§ What is required: From the entries below, return only the lines starting at the one that contains "MODO24 ZP09 Carré" and ending at the one that contains "GarveeHome Kids Play", exactly as they stand.
Start of Supplied material
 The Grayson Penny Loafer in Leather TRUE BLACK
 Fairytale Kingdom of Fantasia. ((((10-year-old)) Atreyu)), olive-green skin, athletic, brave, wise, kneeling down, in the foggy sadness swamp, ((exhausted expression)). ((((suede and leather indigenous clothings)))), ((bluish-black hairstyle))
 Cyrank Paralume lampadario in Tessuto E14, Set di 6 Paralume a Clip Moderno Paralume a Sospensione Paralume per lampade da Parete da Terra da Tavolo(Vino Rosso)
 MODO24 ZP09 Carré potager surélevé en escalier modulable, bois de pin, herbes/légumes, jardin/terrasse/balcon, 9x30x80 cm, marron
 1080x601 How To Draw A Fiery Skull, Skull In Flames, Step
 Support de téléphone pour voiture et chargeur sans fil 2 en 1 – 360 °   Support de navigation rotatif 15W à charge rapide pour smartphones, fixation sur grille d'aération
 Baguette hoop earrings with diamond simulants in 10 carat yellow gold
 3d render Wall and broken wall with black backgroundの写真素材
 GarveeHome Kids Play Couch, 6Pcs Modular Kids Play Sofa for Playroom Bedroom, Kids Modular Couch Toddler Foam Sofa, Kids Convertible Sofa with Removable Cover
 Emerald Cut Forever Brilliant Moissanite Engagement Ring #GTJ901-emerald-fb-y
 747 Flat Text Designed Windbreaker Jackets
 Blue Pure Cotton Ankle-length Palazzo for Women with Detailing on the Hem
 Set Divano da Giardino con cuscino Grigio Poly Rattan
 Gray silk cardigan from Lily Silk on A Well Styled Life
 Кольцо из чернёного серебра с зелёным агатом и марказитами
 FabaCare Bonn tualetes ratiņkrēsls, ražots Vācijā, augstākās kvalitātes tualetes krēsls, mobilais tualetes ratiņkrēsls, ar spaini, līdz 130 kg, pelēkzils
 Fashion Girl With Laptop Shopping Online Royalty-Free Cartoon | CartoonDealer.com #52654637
End of Supplied material
§ The answer:
 MODO24 ZP09 Carré potager surélevé en escalier modulable, bois de pin, herbes/légumes, jardin/terrasse/balcon, 9x30x80 cm, marron
 1080x601 How To Draw A Fiery Skull, Skull In Flames, Step
 Support de téléphone pour voiture et chargeur sans fil 2 en 1 – 360 °   Support de navigation rotatif 15W à charge rapide pour smartphones, fixation sur grille d'aération
 Baguette hoop earrings with diamond simulants in 10 carat yellow gold
 3d render Wall and broken wall with black backgroundの写真素材
 GarveeHome Kids Play Couch, 6Pcs Modular Kids Play Sofa for Playroom Bedroom, Kids Modular Couch Toddler Foam Sofa, Kids Convertible Sofa with Removable Cover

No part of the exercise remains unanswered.